Oncall rotations should be quiet
I’m astonished to hear that in some companies/teams, engineers that are oncall:
- Get regularly woken up during the night
- Can’t do regular work during the week because of all the interruptions
- Don’t go out for activities (e.g. running) because they may get paged
Here’s my take on oncall rotations and how we (with other leads) shaped our rotation in YouTube Ads at Google:
- The primary oncall is responsible for triaging pages but is not necessarily responsible for fixing everything themselves (other oncalls should be looped in as needed)

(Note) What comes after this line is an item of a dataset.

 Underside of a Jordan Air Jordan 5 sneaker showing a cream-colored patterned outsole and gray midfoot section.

- Every page should have a clear handbook with practical and mechanical steps (checking a specific graph, rolling back, escalating to another oncall etc.)
- Over-escalating (to your leads or other teams) is better than under-escalating (and having a prolonged outage).

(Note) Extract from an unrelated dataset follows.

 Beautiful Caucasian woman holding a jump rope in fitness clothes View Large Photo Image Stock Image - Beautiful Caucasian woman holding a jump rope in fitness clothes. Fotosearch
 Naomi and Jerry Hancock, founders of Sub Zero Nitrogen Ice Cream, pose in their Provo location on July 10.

- While the oncall should try to be available (e.g. don’t go hiking where there’s no service), there will be times the primary oncall cannot handle the page. In this case, just NACK and let the secondary oncall ACK. For example, if you’re driving on the highway, don’t ever stop in the emergency lane for a page.
-
The people oncall are usually the owner of the service being supported, as such they are responsible and should be given leverage to keep the rotation quiet. This means among other things:
- Making sure there are enough tests coverage to prevent incidents (and/or push teams to add the missing tests)
- Making sure there is enough monitoring in staging/canary/prod (and/or push the relevant teams to add the missing alerts)
- Making sure changes happen during business hours (unless explicitly approved by the oncall)
- Making sure there’s enough capacity for redundancy
- Etc.
There will be times when you get paged at night (e.g. because of unforeseeable events, e.g. a shark chomped on a network fiber) but these should be minimized. I very rarely got paged during the night during my shifts at Google for Youtube Ads because we had a strong discipline and maintained a high bar for our service.
The TL;DR is that good engineering should result in quiet rotations.
Thoughts? What are your experiences?